WarEagleWomen2_850 (1)

O magnet-south! O glistening perfumed South! My South! — Walt Whitman

Loving the South doesn’t mean we don’t hold its injustices or secrets in a faraway place of denial.

To be Southern is to identify with its beauty–but at the same time naming our wrongs to others both past and present. Though the South may be indeed mired in the past, we enumerate our sins and attempt to learn from them. This makes us unique from the rest of the country, and indeed, the rest of the world.

It’s even more difficult to explain how it feels to be a Southern woman.

We have all experienced the “good old boys” network. We’ve all scratched and clawed our ways through antiquated ideas of male dominance, whether in the workplace, the family, or in the church. We’ve been taught that to be a lady means to not make a fuss.

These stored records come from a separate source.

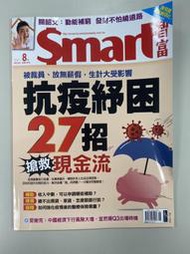 【小二】Smart智富 2021年8月 No.276 &lt; 抗疫紓困27招 &gt; ( 一元直購 買五送一)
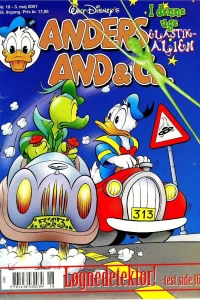 Issue #200118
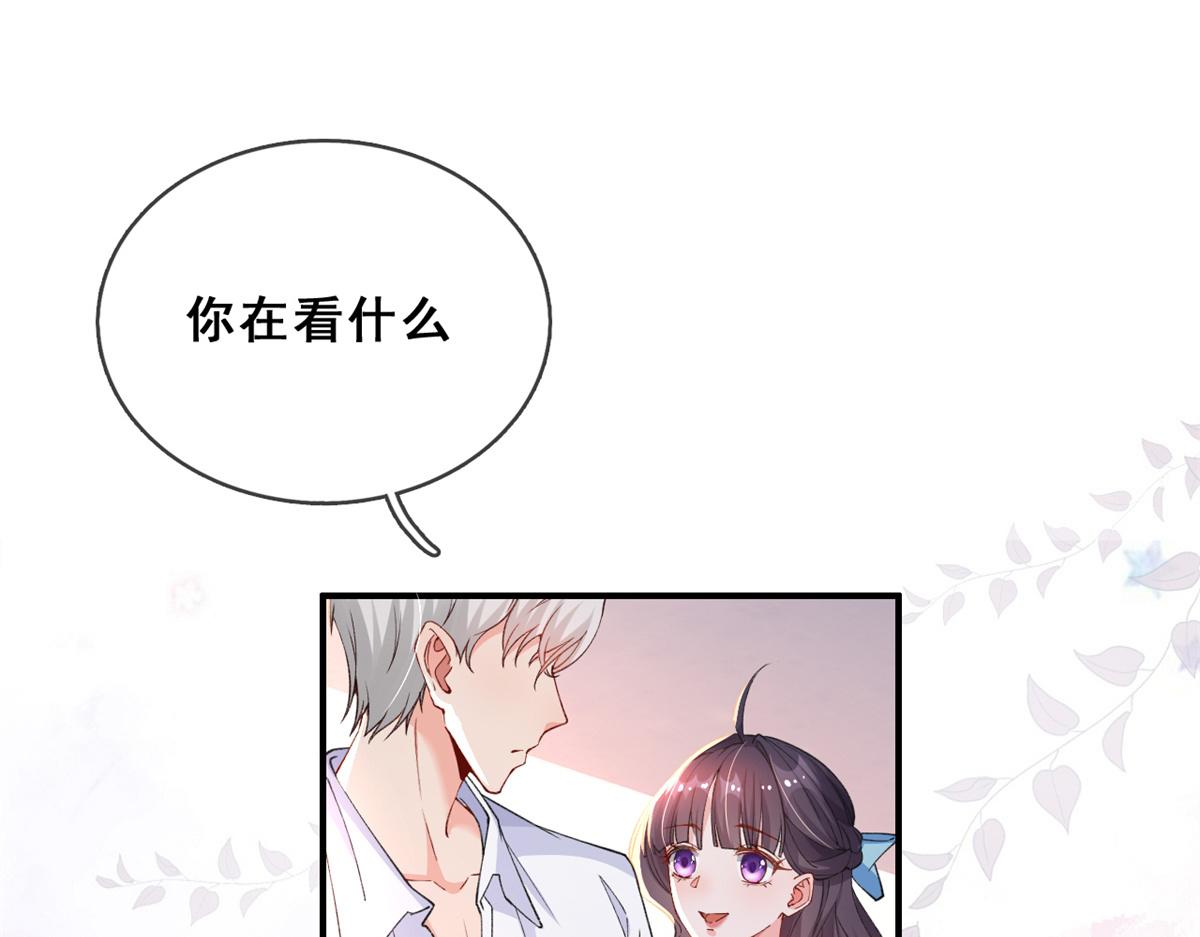 02 变异NPC30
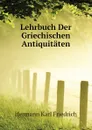 Lehrbuch Der Griechischen Antiquitaten - Hermann Karl Friedrich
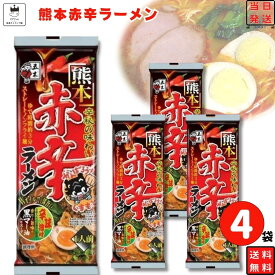 《父の日 プレゼント》 ポイント10倍 1000円ポッキリ 送料無料 ポイント消化 インスタントラーメン 4袋 袋麺 レトルト食品 常温保存 詰め合わせ レトルト 惣菜 和風 乾麺 五木食品 熊本赤辛ラーメン セット インスタント食品 ご当地ラーメン 即席ラーメン 防災 非常食 備蓄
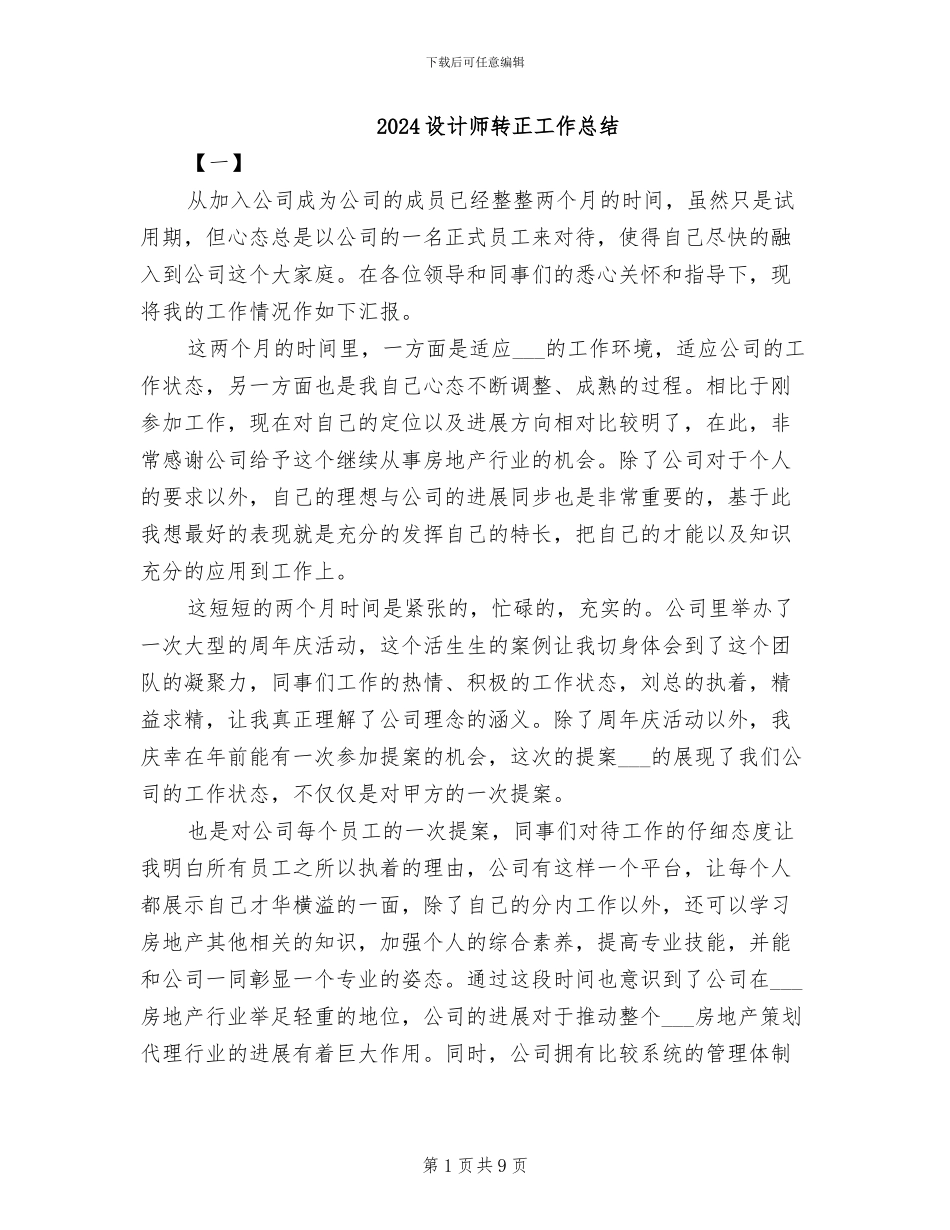 2024设计师转正工作总结_第1页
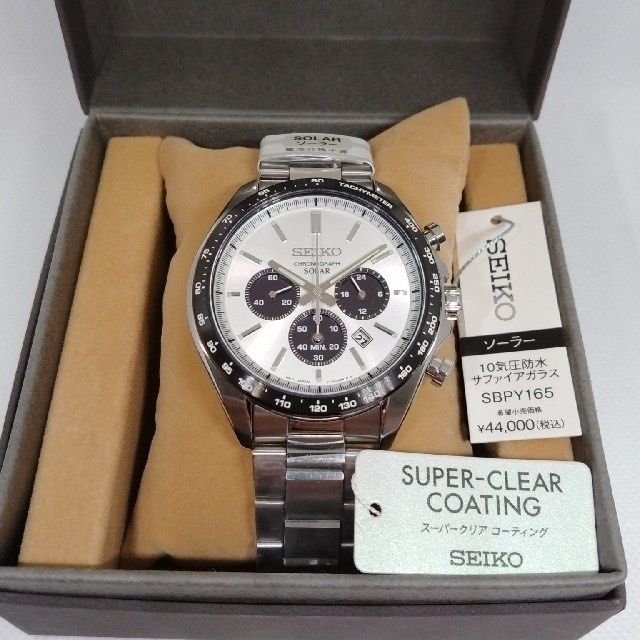 JDM] BNIB Seiko Selection JDM Solar Speedmaster SBPY165 Chronograph Man  Watch Made in Japan, Men's Fashion, Watches & Accessories, Watches on  Carousell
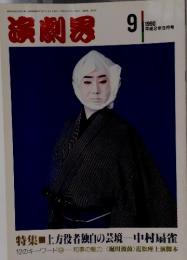 演劇界　1990年9月号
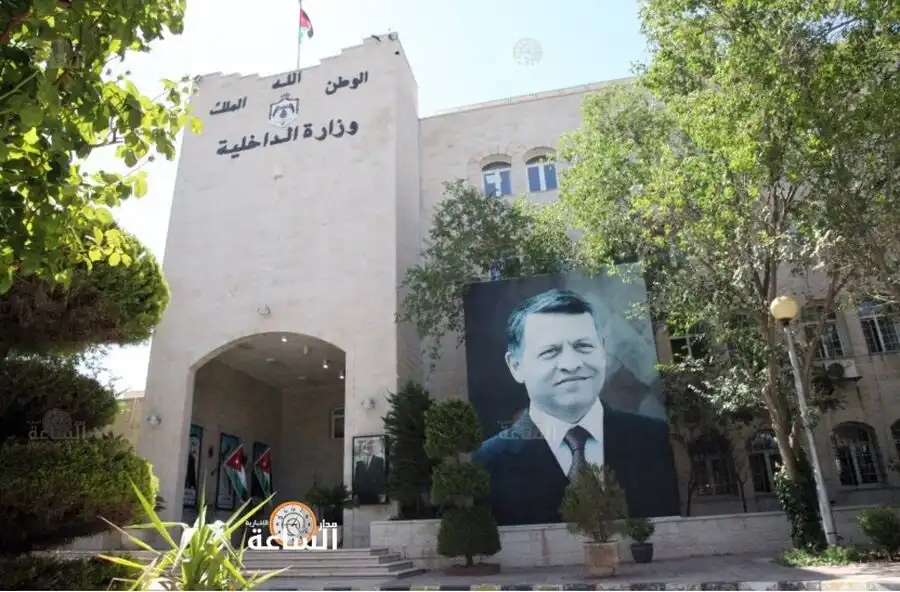 مدار الساعة,أخبار الأردن,اخبار الاردن,وزير الداخلية,مازن الفراية,وزارة الداخلية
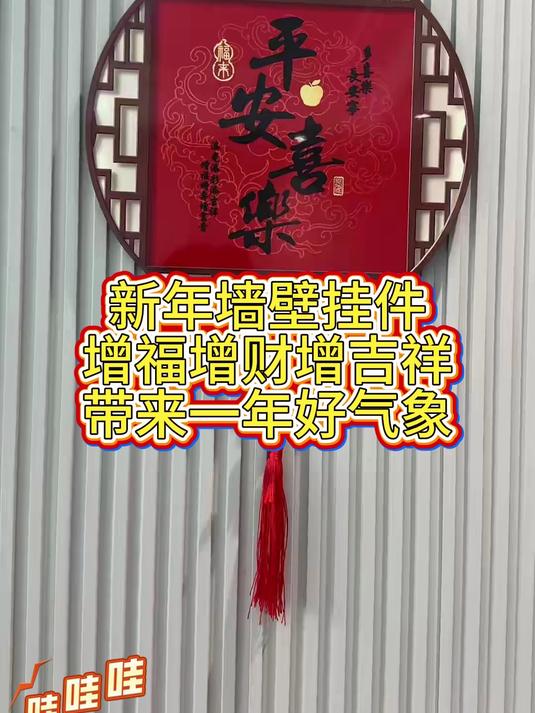 新年墙壁挂件带来一年好气象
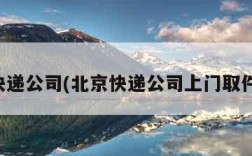 北京快递公司(北京快递公司上门取件电话)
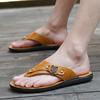 Summer Slippers Men Lightweight Beach Shoes For Men Casual Outdoor Walking Sandals Men’s Slippers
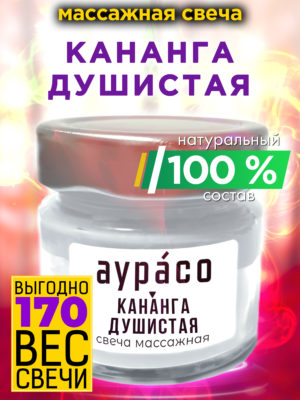 CAN MAS 0224 KRF scaled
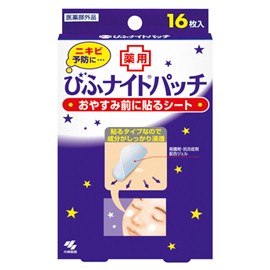 若在重要约会前长出痘痘该怎么办？日本药妆店超有用商品介绍！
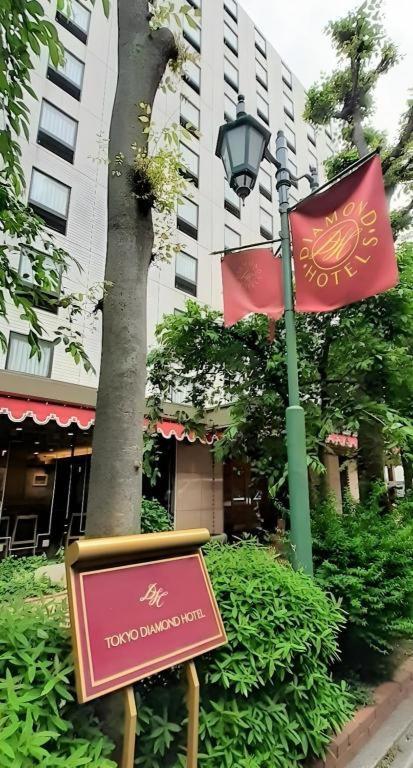 Diamond Hotel Präfektur Tokio Exterior foto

Sometimes it’s necessary to make a fuss.

Sometimes, it’s necessary to scream and cry and force others to hear us. In Southern culture, to attempt to move from one’s designated place, either within society, our family and our own demons will always invite opposition.

But we, the New Southern Women, dig in our heels and cry “Bring it.” Because we, of all people, know of the danger that is found within the beauty of this land. The South is not perfect–the events that have happened here in our bloody past refuse to be forgotten or buried.

It’s these past transgressions, horrors and secrets that stamp an indelible tattoo of the gothic on our literature, our poetry, our music and even our very lives. We don’t deny our past–we could not even if we tried. But Southern solidarity and identity renders within us a beauty from the ashes.

Southern women are often the first to label the wrong we see, the ones who say “no more.”

Sister, I hear you. Your voice whispers into the chilly wind of winter, but is heard nonetheless.

For after the winter, the spring blooms anew.